Caption-style text data
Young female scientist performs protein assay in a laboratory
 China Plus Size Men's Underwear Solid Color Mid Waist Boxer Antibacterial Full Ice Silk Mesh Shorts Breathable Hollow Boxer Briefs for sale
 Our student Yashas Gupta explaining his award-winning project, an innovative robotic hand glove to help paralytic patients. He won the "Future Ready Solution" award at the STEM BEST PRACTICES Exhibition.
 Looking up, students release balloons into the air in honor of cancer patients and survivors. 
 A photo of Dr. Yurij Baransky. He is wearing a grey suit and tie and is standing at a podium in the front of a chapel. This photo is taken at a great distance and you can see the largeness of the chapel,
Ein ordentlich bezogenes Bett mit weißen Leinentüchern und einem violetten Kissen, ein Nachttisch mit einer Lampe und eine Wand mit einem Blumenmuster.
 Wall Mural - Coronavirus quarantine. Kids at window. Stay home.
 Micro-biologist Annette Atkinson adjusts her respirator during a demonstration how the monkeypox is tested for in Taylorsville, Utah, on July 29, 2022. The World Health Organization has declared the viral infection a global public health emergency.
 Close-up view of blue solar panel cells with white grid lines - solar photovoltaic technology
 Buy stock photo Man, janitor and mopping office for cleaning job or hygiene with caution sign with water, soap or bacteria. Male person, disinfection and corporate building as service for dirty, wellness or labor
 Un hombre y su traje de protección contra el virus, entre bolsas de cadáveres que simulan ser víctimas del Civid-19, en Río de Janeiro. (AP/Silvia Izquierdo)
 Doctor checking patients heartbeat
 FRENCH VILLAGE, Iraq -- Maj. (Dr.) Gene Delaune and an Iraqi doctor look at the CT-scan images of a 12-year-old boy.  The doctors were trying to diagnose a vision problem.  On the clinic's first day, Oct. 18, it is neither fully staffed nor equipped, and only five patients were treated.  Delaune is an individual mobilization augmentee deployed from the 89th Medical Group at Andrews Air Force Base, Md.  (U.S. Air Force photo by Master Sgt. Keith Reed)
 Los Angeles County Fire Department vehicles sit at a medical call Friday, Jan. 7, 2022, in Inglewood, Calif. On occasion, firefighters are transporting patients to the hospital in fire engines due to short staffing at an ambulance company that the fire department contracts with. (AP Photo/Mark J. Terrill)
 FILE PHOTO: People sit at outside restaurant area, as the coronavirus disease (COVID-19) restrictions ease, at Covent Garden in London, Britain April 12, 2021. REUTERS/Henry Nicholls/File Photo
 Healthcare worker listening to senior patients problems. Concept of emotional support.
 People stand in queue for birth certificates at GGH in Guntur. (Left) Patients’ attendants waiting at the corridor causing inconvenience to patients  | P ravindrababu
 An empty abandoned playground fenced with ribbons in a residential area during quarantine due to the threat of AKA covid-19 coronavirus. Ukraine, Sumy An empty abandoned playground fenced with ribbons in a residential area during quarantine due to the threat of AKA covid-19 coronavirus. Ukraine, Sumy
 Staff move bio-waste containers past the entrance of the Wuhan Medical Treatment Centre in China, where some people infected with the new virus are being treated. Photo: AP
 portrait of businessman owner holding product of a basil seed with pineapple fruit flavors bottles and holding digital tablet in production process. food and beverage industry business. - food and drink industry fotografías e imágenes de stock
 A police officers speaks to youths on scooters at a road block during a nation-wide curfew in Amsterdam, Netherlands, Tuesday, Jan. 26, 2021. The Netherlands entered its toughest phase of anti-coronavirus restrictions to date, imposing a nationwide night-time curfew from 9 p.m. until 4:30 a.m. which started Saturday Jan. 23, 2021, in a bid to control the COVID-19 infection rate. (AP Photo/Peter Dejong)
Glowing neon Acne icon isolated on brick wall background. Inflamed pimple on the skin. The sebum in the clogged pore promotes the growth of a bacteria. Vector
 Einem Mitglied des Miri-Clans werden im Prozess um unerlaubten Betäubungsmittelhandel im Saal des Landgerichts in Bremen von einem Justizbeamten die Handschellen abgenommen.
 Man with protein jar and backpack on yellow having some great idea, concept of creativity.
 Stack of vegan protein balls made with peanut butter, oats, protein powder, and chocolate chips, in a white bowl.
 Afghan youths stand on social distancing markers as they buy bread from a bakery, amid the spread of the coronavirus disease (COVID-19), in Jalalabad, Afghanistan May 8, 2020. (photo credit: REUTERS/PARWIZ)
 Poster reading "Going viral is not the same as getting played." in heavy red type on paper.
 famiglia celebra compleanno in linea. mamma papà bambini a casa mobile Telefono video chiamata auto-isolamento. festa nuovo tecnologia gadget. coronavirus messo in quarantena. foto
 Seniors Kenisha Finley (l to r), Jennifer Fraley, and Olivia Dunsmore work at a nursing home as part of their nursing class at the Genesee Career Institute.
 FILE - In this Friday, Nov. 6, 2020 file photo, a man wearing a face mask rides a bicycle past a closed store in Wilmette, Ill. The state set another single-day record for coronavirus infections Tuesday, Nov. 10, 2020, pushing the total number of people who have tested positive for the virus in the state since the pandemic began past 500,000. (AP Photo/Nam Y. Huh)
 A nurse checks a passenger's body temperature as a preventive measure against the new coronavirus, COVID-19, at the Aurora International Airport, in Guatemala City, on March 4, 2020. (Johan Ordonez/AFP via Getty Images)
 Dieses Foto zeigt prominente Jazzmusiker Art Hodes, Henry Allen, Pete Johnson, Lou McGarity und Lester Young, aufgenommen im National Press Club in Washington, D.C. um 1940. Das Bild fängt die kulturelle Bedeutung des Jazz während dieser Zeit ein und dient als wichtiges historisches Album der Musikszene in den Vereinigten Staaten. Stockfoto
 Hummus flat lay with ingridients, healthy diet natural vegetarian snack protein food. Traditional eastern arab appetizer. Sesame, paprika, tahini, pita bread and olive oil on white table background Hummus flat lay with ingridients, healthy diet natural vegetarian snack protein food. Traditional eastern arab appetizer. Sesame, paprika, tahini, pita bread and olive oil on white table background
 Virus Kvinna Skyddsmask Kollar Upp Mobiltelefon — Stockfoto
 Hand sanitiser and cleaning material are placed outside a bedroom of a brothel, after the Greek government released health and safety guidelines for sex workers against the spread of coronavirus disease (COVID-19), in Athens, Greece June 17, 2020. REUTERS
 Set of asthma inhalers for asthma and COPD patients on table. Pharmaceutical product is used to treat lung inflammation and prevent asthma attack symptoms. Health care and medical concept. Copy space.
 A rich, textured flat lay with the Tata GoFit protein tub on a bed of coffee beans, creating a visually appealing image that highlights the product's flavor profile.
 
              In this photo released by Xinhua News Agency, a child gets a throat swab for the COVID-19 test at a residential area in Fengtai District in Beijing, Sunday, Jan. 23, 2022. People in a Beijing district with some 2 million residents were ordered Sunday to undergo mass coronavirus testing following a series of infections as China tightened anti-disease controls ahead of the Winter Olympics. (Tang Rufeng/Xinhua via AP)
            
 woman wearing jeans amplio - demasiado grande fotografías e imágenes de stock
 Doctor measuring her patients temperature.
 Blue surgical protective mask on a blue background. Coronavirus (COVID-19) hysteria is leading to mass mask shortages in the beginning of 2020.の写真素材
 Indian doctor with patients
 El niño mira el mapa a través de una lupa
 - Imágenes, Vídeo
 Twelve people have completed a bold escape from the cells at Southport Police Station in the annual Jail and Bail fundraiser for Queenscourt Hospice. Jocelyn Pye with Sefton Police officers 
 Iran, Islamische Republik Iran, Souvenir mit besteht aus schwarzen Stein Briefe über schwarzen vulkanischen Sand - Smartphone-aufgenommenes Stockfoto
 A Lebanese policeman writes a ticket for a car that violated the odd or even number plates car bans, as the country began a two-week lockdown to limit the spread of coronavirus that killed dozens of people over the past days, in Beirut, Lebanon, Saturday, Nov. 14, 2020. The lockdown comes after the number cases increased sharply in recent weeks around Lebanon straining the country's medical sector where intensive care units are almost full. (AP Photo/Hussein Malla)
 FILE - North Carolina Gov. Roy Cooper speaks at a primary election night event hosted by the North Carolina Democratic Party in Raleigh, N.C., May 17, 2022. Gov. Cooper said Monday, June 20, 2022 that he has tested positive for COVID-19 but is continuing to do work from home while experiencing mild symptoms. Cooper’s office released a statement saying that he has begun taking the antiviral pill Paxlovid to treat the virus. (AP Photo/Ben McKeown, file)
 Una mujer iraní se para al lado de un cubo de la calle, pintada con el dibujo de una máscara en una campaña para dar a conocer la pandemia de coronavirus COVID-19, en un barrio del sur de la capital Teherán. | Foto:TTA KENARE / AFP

§ **What to work on**: Your task is to restate, word for word, only those lines above that fall between the line holding "- Imágenes, Vídeo" and the line holding "A Lebanese policeman", inclusive.

§ **Task result**:
 - Imágenes, Vídeo
 Twelve people have completed a bold escape from the cells at Southport Police Station in the annual Jail and Bail fundraiser for Queenscourt Hospice. Jocelyn Pye with Sefton Police officers 
 Iran, Islamische Republik Iran, Souvenir mit besteht aus schwarzen Stein Briefe über schwarzen vulkanischen Sand - Smartphone-aufgenommenes Stockfoto
 A Lebanese policeman writes a ticket for a car that violated the odd or even number plates car bans, as the country began a two-week lockdown to limit the spread of coronavirus that killed dozens of people over the past days, in Beirut, Lebanon, Saturday, Nov. 14, 2020. The lockdown comes after the number cases increased sharply in recent weeks around Lebanon straining the country's medical sector where intensive care units are almost full. (AP Photo/Hussein Malla)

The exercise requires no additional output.